Too many employees unthinkingly treat employer-sponsored health insurance as a ‘free” good that automatically comes with the job or believe that the employer somehow “pays” for their coverage- and not them. So, there is little point in considering the cost. In fact, however, virtually every increase in health benefits at work represents a corresponding decrease in wages and other compensation. And current health insurance arrangements foreclose workers’ opportunities to secure personal savings from their health care decisions.
Rather than being passive recipients of corporate decisions, patients should have the chance to engage directly and decide on their health care cost and quality options. Congress could take two steps to promote patient engagement and permit price conscious decision-making in health care.
First, Congress could authorize a “shared savings” option in both the group and the individual health insurance markets. The goal would be to align and harness the economic incentives of patients and insurers to secure financial savings. Patients who choose a lower-cost coverage option would get a share of the savings—as either a tax-free rebate or a deposit into a tax-free health savings account (HSA). (The deposit would be exempt from annual HSA contribution limits). The cash rebates would be classified as “benefit” payments, allowing insurers to avoid administrative penalties.
Second, Congress should expand the opportunity to own health savings accounts (HSAs). Analysts with the American Academy of Actuaries note that people with high-deductible plans, such as HSAs, are “very price sensitive” and may be “avid users of new price transparency tools.” The existing restrictions on these personal accounts, including caps on how much patients can put aside annually, are costly and irrational. They encourage a much heavier reliance on reimbursement from insurers bureaucratic claims processing systems than is necessary.

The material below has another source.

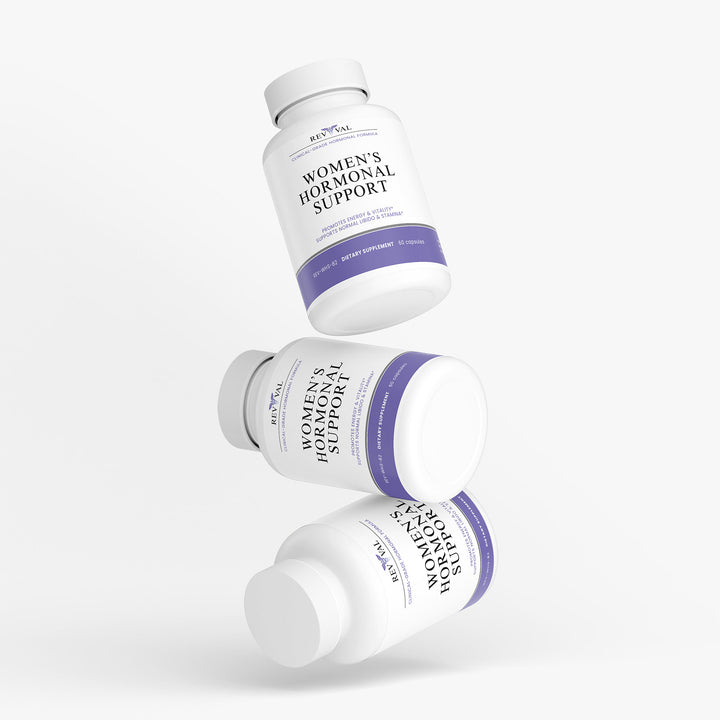 Three bottles of Women's Hormonal Support supplement on a white background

>>> How Congress Can Help Open Up America’s Healthcare Markets
To accomplish this goal, lawmakers should take three steps. First, they should allow any American with health insurance to have such an account, not just those who sign up for high-deductible health plans.
Second, they should clarify that HSA funds can be used to pay for membership in direct primary care programs, facilitating stable patient relationships with primary care physicians. Indeed, Republican Sens. Bill Cassidy of Louisiana and Tim Scott of South Carolina have joined Democratic Sens. Jeanne Shaheen of New Hampshire and Mark Kelly of Arizona in proposing legislation to do just that.
Finally, Congress should allow patients to increase their yearly HSA tax -free contributions up to the out-of- pocket cost limits established under the Affordable Care Act of 2010: $9,100 for individual coverage and $18,200 for family coverage. Today, individuals can set aside only $3,850, and families only $7,750.
Progress in price transparency will intensify competition among health plans and hospitals and medical professionals. It will stimulate innovation in health plan benefits and providers’ care delivery and fuel popular demand for information on hospital performance and medical professionals’ capacity to deliver high quality care and better patient outcomes.
In short, price transparency is key to securing better value for Americans’ health care dollars. Patients win.